Sellers need **data-driven insights** on how to enter this competitive environment.

---

## Business Objectives
1. **Lead Generation for B2B Sellers**  
   Use predictive insights to guide new sellers on which electronic products to introduce.  

2. **Price Optimization**  
   Recommend competitive price points by analyzing `current_price`, `original_price`, and `discount`.  

3. **Product Recommendation**  
   Suggest trending product categories (e.g., *Phones & Tablets*, *Home & Office electronics*).  

4. **Trust & Ratings Insights**  
   Leverage `verified_ratings` and `rating_number` to highlight what makes products successful.  

---

## Stakeholders
- **New Sellers (B2B Clients):**  
  Need reliable recommendations on product selection and pricing to gain market entry.  

- **Marketplace (e.g., Jumia):**  
  Gains from attracting more sellers, expanding inventory, and increasing customer satisfaction.  

- **Business Development Teams:**  
  Use predictive reports as a selling point when onboarding new vendors.  

- **Data Science Team:**  
  Responsible for model development and insights reporting.  

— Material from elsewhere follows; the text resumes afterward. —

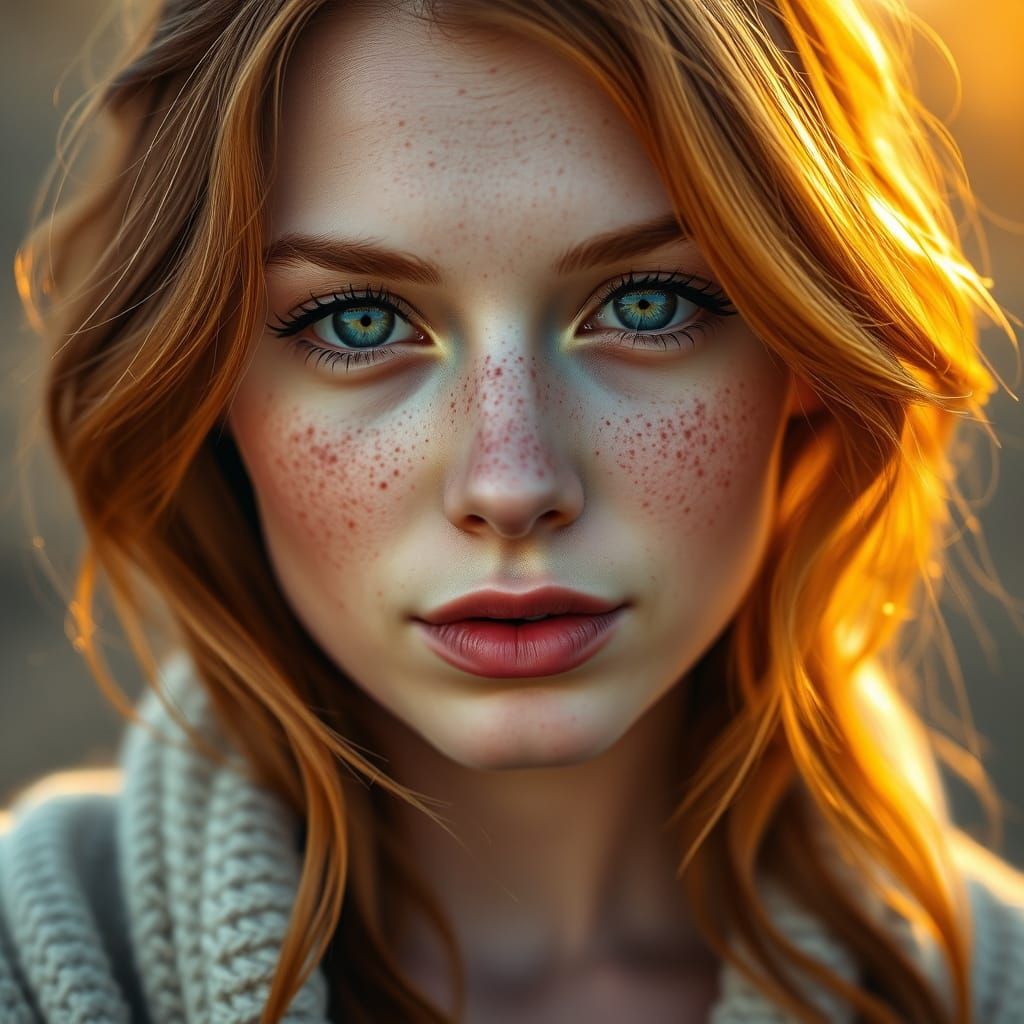 Cinematic Realism Portrait of Freckled Redhead Woman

- **End Customers (Indirect Stakeholders):**  
  Benefit from fairer prices and better product variety.  

---

## Dataset Description
The dataset contains **scraped product listings** with the following key features:  
- `current_price` → Current listed product price.  
- `original_price` & `discount` → Discount strategy and price reductions.  
- `main_category` → Product category (electronics, fashion, etc.).  
- `rating_number` & `verified_ratings` → Customer satisfaction indicators.  
- `seller` → Seller identity and credibility.  
- `title` → Product details for text-based analysis.  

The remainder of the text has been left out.